- **INSTRUCTIONS FOR THE TASK**: A single stretch of the material below is to be transcribed exactly, starting at the line with "Prodej zemědělské usedlosti" and ending after the line with "2023 Kia Soul LX - miniatura 10".

*** DATASET CONTENT

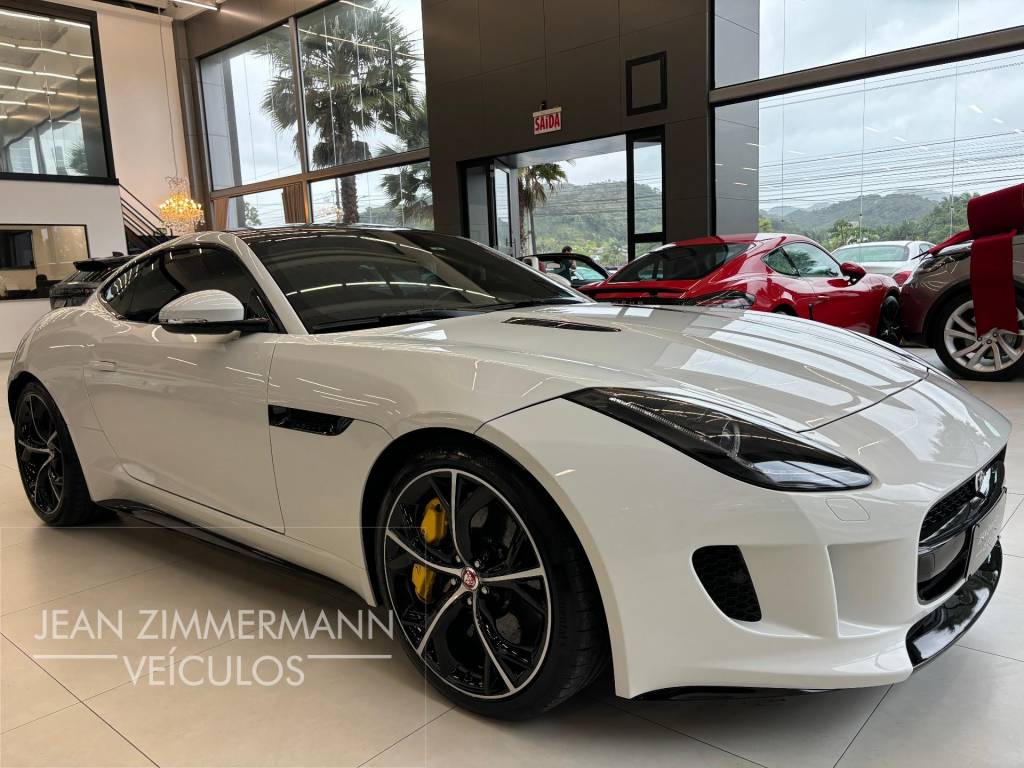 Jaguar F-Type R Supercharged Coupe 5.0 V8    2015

******
*** DATASET CONTENT

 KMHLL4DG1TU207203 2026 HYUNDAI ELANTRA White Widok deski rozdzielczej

******
*** DATASET CONTENT

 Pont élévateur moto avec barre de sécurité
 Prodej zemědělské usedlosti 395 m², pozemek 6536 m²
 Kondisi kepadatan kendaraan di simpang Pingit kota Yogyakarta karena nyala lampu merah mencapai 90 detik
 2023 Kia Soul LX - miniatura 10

******

- **COMPLETED TASK**:
 Prodej zemědělské usedlosti 395 m², pozemek 6536 m²
 Kondisi kepadatan kendaraan di simpang Pingit kota Yogyakarta karena nyala lampu merah mencapai 90 detik
 2023 Kia Soul LX - miniatura 10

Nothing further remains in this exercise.